More than 100 designs that were finalists at or received a Golden Pin Design Award are being showcased at an exhibition in Taipei.
Among the works displayed are a set of magnetic East Asian name stamps that enable the owner to swap the heads of the seals for different names or for fonts of the same name.
The “Kuan Personal Seal” allows people to carry multiple seals by having one chop and multiple different seal heads engraved with various styles of the name, said Mark Stocker, creative director of Kuanism.
“My idea is to have one seal, where you can interchange the lower design, so one is for your bank, one is for any contracts and you might have a personal seal as well,” he said.
Also on display is “Rice Husk Beach Toys,” a set of environmentally friendly children’s sand toys, containing a sand bucket, spade and trowels made out of recycled rice husks.

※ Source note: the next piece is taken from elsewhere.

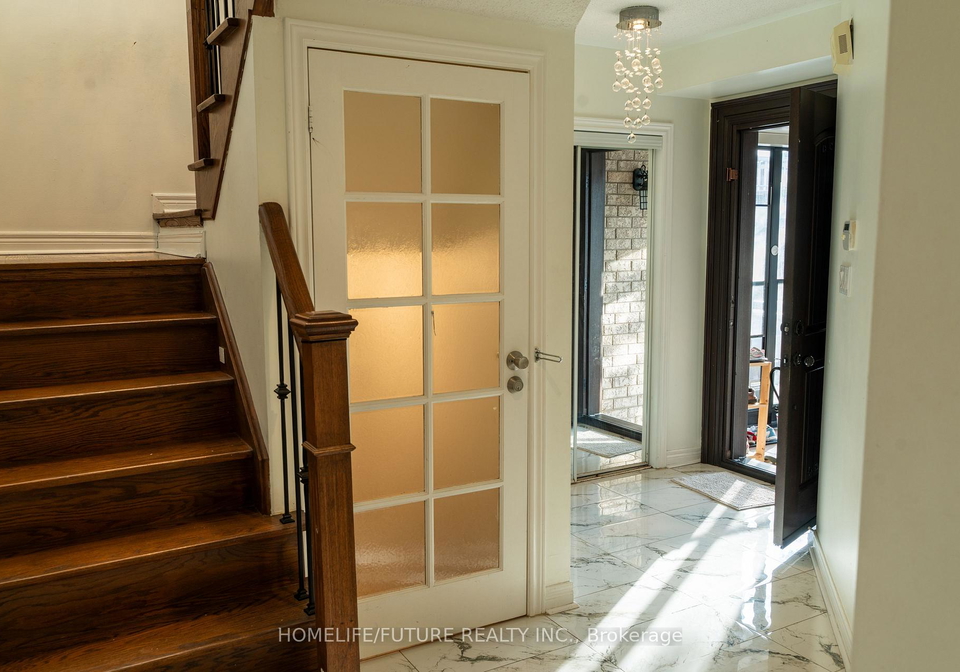 620-madame-street-mississauga-ontario-w13552640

Han Shih-kuo (韓世國), a representative from DOT design, which produces the beach toys, said that even if the product is left outdoors it is biodegradable and nontoxic.

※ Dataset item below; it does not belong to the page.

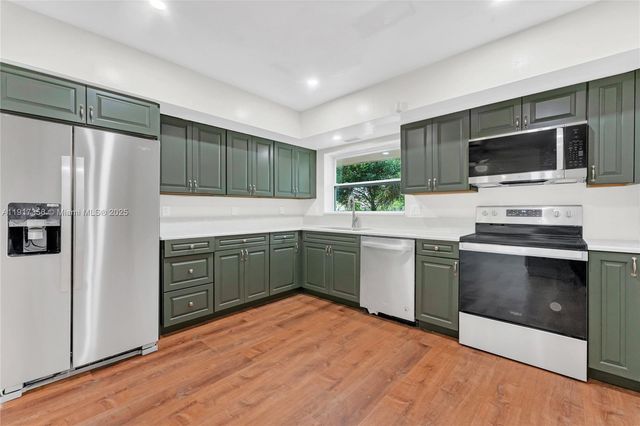 550 SW 38th Ter 0, Fort Lauderdale, FL 33312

The exhibition is to run until April 19 next year at the Taiwan Design Museum at Taipei’s Songshan Cultural and Creative Park (松山文創園區).
Taiwan’s Golden Pin Design Award was introduced by the Ministry of Economic Affairs’ Industrial Development Bureau in 1981 to recognize innovative design work in the Chinese-speaking world and is organized by the Taiwan Design Center.
This year, almost 8,000 designs were submitted, but only 139 pieces are being showcased in this year’s exhibition, the bureau said.
Meanwhile, the Golden Pin Concept Design Award is to honor 71 designs at a ceremony at Taipei’s Songshan Cultural and Creative Park on Dec. 5, Taiwan Design Center chairman Chang Chi-yi (張基義) said.